> [Task instructions] Up to and including the line that contains "Rainbow patent leather", repeat the entries below exactly from the first line on. Do not carry over any pictures.

(Source data)
################
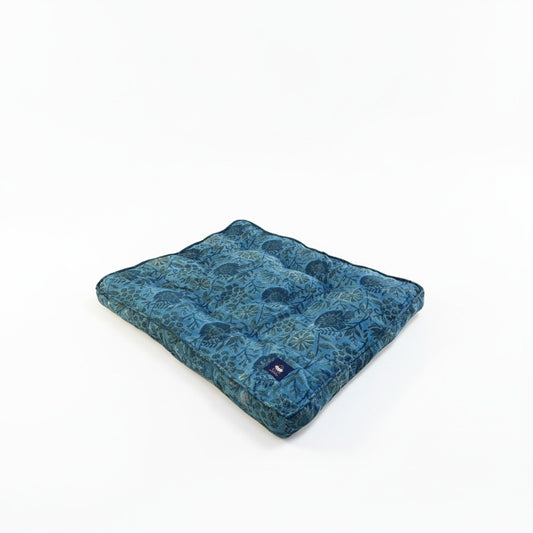 Blue floral hand blockprint heritage dog bed, luxury pet goods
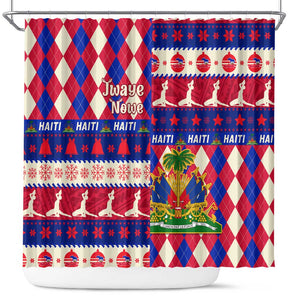 Afro Haiti Christmas Shower Curtain Jwaye Nowe Neg Marron With Coat Of Arms - African Pride
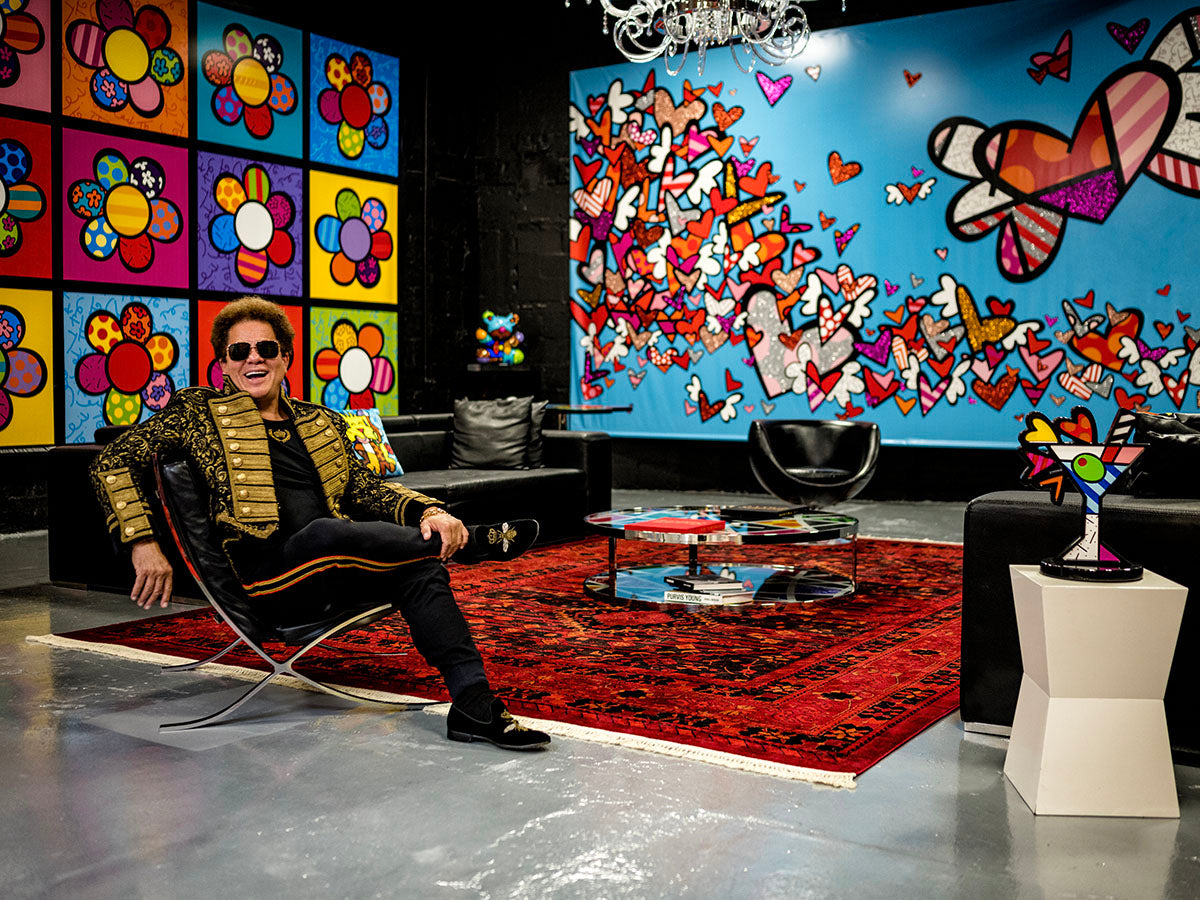 An art work with the graphic and vibrant colour style of Romero Britto.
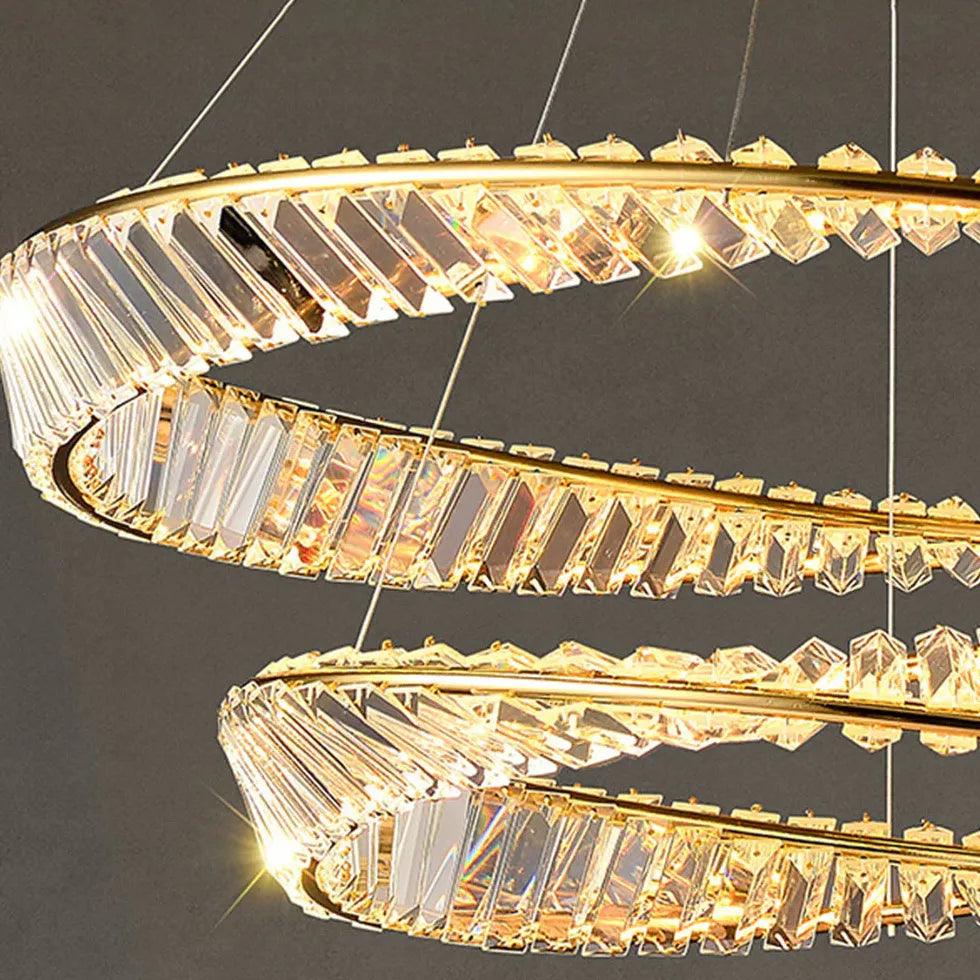 Wavy Round Ring Modern Crystal Pendant Light - Clowas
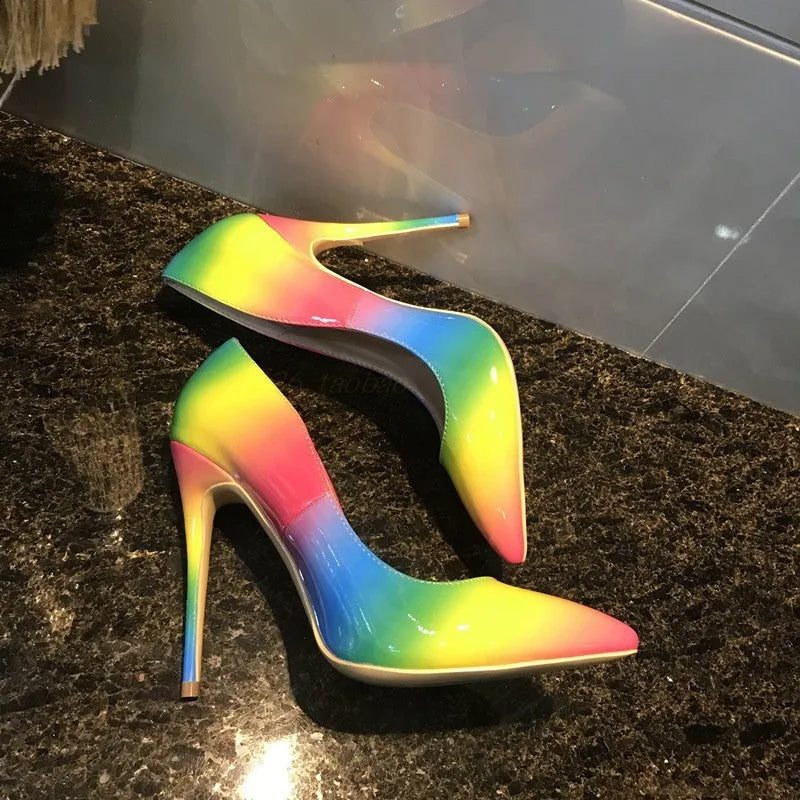 Rainbow patent leather women's high heels with thin ultra-high heel and pointed toe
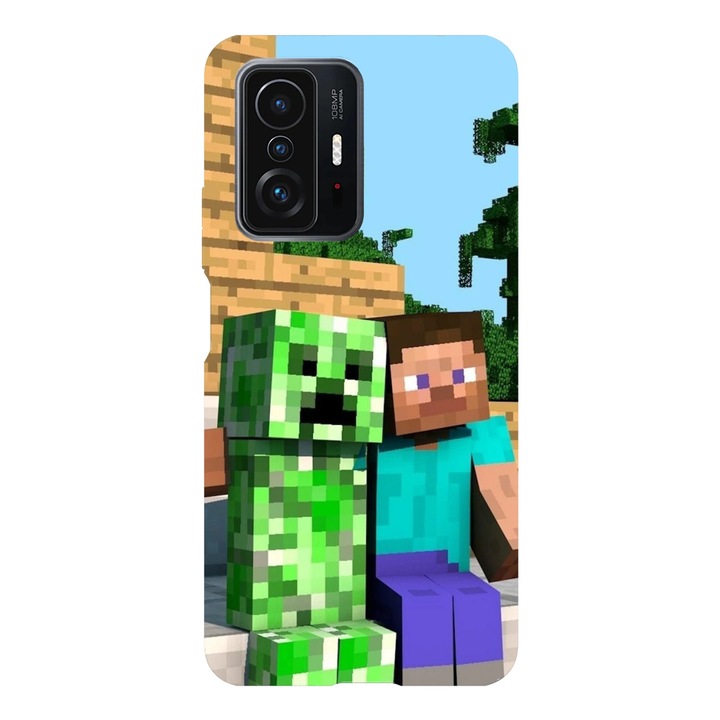 Husa telefon compatibila cu Xiaomi Redmi Note 14 Pro, Viceversa, model Steve and Creeper Friendship, Silicon, TPU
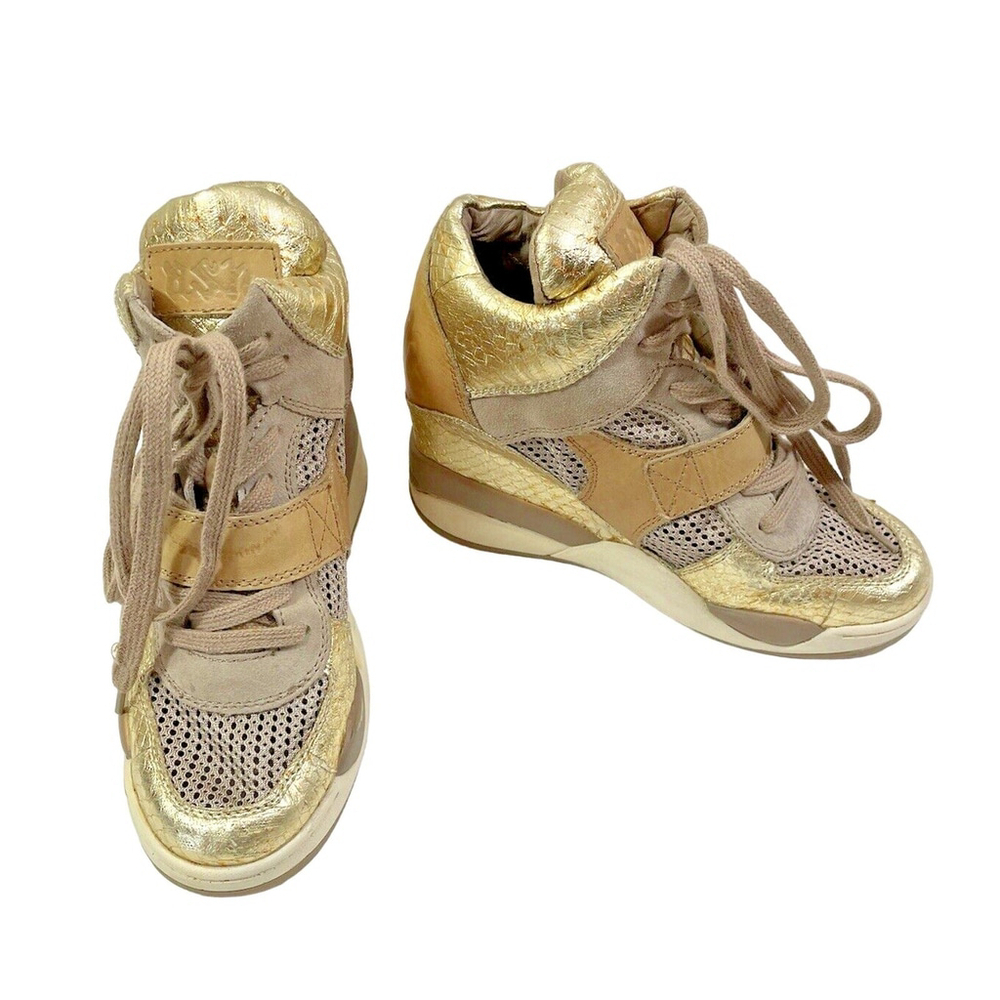 Limited by ASN Funky Gold Leather Lace Up Sneakers EU 39 US 6.5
################
> [Solution]
 Blue floral hand blockprint heritage dog bed, luxury pet goods
 Afro Haiti Christmas Shower Curtain Jwaye Nowe Neg Marron With Coat Of Arms - African Pride
 An art work with the graphic and vibrant colour style of Romero Britto.
 Wavy Round Ring Modern Crystal Pendant Light - Clowas
 Rainbow patent leather women's high heels with thin ultra-high heel and pointed toe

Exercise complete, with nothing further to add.